_Action item_
Write out the full listing exactly as given, minus the images.

_Information provided_

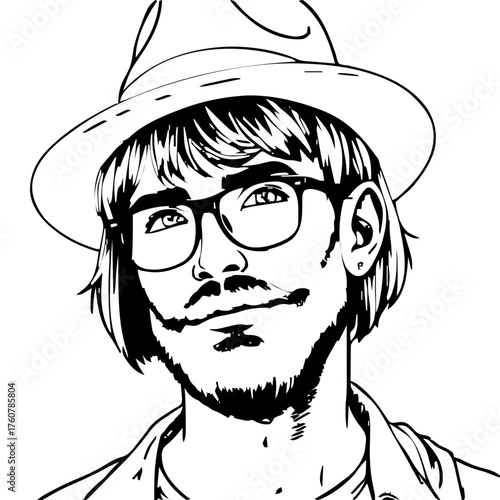 Human Face – young adult, genderqueer person, bob haircut, fedora, hearing aid #95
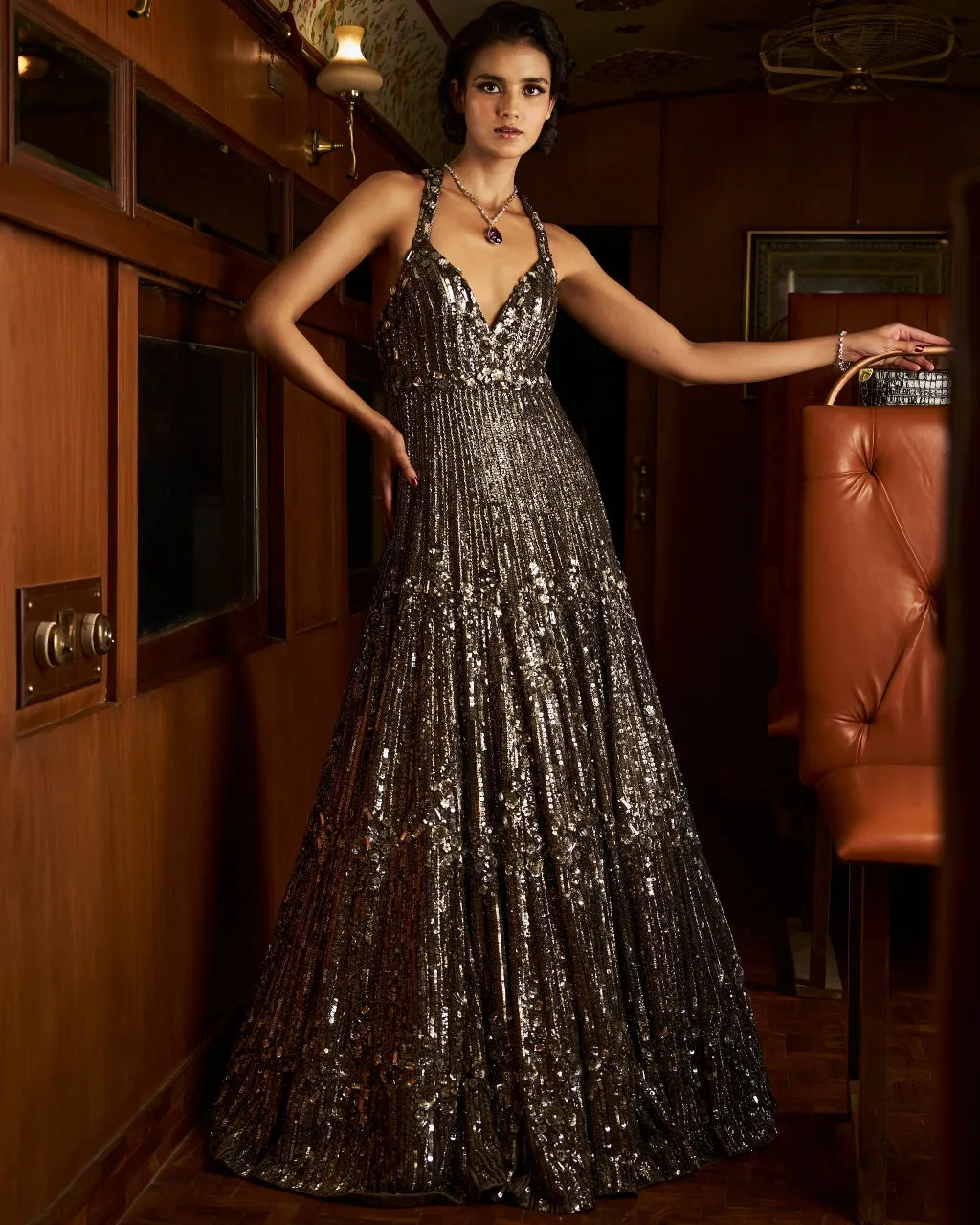 Gun Metal Sequin Gown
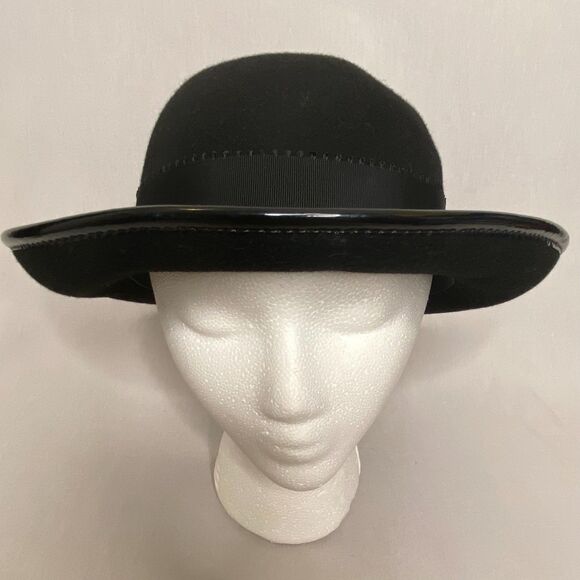 Bollman Hat Black Wool Round Top Fedora Made In USA Patent Leather Trim - Picture 1 of 9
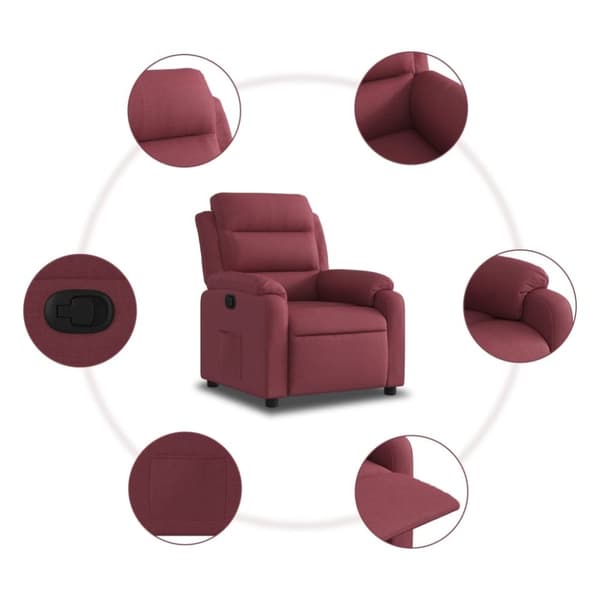 vidaXL Reclinerfåtölj vinröd tyg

_Completed exercise_
 Human Face – young adult, genderqueer person, bob haircut, fedora, hearing aid #95
 Gun Metal Sequin Gown
 Bollman Hat Black Wool Round Top Fedora Made In USA Patent Leather Trim - Picture 1 of 9
 vidaXL Reclinerfåtölj vinröd tyg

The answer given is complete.